SKEDSOFT

Data Mining & Data Warehousing

Introduction: Data mining is present in many aspects of our daily lives, whether we realize it or not. It affects how we shop, work, search for information, and can even influence our leisure time, health, and well-being. In this section, we look at examples of such ubiquitous (or ever-present) data mining. Several of these examples also represent invisible data mining, in which “smart” software, such as Web search engines, customer-adaptive Web services (e.g., using recommender algorithms), “intelligent” database systems, e-mail managers, ticket masters, and so on, incorporates data mining into its functional components, often unbeknownst to the user.

From grocery stores that print personalized coupons on customer receipts to on-line stores that recommend additional items based on customer interests, data mining has innovatively influenced what we buy, the way we shop, as well as our experience while shopping.
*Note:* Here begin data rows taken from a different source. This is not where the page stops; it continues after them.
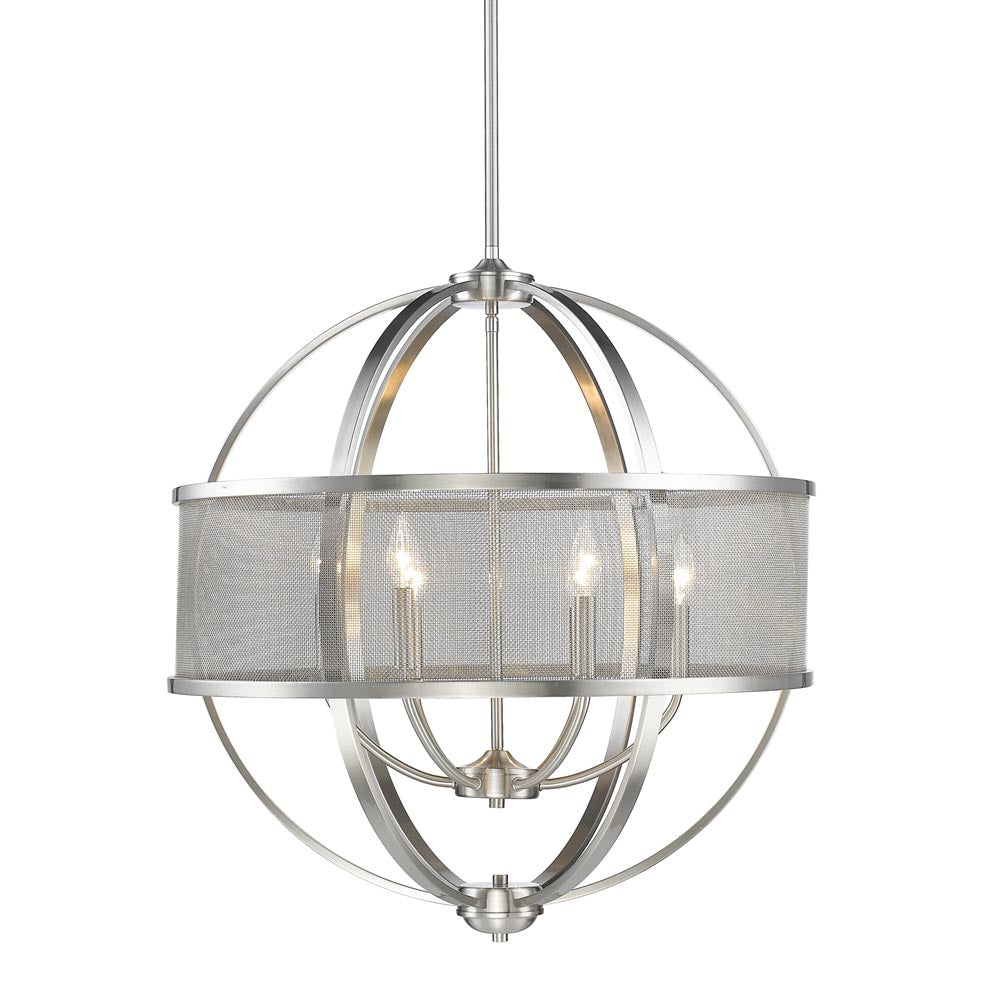 Colson 6 Light Chandelier - Pewter / Pewter Shade - Golden Lighting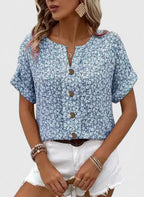 Primrose Floral Summer Top - Blue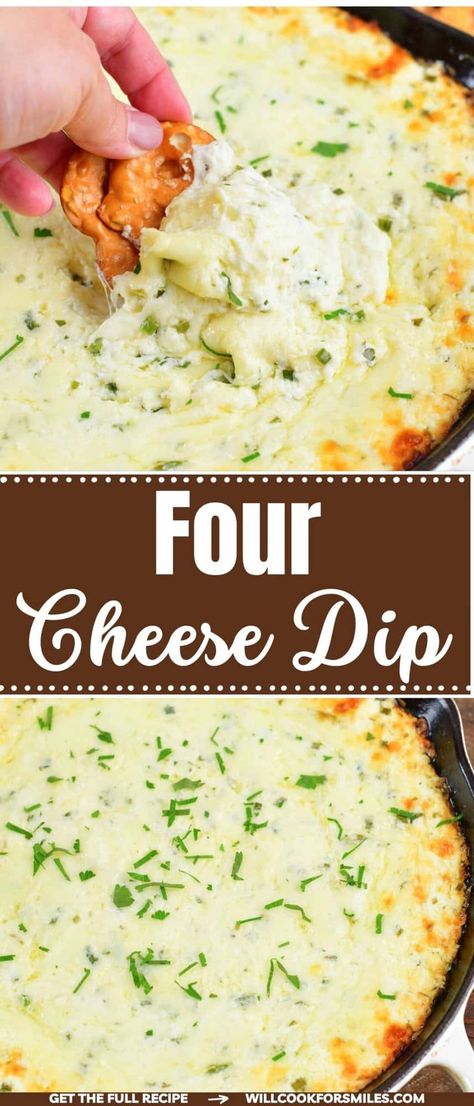 This easy Four Cheese Dip is smooth, creamy, and extra cheesy made with four different kinds of flavorful cheese! Fresh chives and parsley add just the right flavor to this rich and savory cheese dip. 5 Cheese Dip Recipes, 3 Cheese Dip Recipes, Dominoes Cheese Dip, Three Cheese Dip Recipes, Cheese Dip Recipes For Bread, Sharp Cheddar Cheese Dip, Cheesy Dipping Sauce, Hot Cheesy Dip Recipes, Best Cheese Dip Ever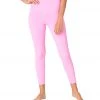 Onzie Ribbed Sweetheart 7/8 Yoga Leggings Bubble Gum Rib CLOTHING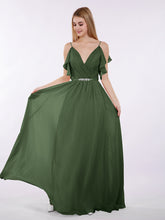 Bretelle Spaghetti Mousseline Robe avec Col en V Olive Verte Grande Taille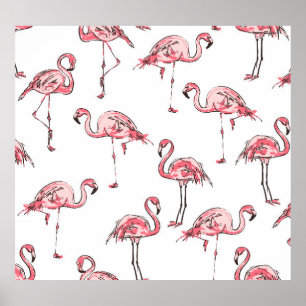 Flamingo Sketch: Tropical Vintage Mönster. Poster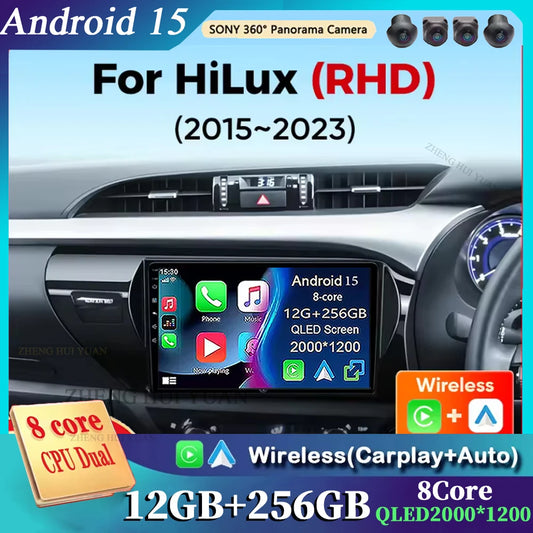 Car Radio For Toyota Hilux RHD 2015 2016 2017 2018 2020 2021 2023 Wireless Carplay Android Auto Multimedia Player Stereo WIFI 4G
One example is Wal-Mart, which has approximately 100 million customers visiting its more than 3,600 stores in the United States every week. Wal-Mart has 460 terabytes of point-of-sale data stored on Teradata mainframes, made by NCR. To put this into perspective, experts estimate that the Internet has less than half this amount of data. Wal-Mart allows suppliers to access data on their products and performs analyses using data mining software. This allows suppliers to identify customer buying patterns, control inventory and product placement, and identify new merchandizing opportunities. All of these affect which items (and how many) end up on the stores’ shelves—something to think about the next time you wander through the aisles at Wal-Mart.

Data mining has shaped the on-line shopping experience. Many shoppers routinely turn to on-line stores to purchase books, music, movies, and toys. Section 11.3.4 discussed the use of collaborative recommender systems, which offer personalized product recommendations based on the opinions of other customers. Amazon.com was at the forefront of using such a personalized, data mining–based approach as a marketing strategy. CEO and founder Jeff Bezos had observed that in traditional brick-and-mortar stores, the hardest part is getting the customer into the store. Once the customer is there, she is likely to buy something, since the cost of going to another store is high. Therefore, the marketing for brick-and-mortar stores tends to emphasize drawing customers in, rather than the actual in-store customer experience. This is in contrast to on-line stores, where customers can “walk out” and enter another on-line store with just a click of the mouse. Amazon.com capitalized on this difference, offering a “personalized store for every customer.” They use several data mining techniques to identify customer’s likes and make reliable recommendations.

While we’re on the topic of shopping, suppose you’ve been doing a lot of buying with your credit cards. Nowadays, it is not unusual to receive a phone call from one’s credit card company regarding suspicious or unusual patterns of spending. Credit card companies (and long-distance telephone service providers, for that matter) use data mining to detect fraudulent usage, saving billions of dollars a year.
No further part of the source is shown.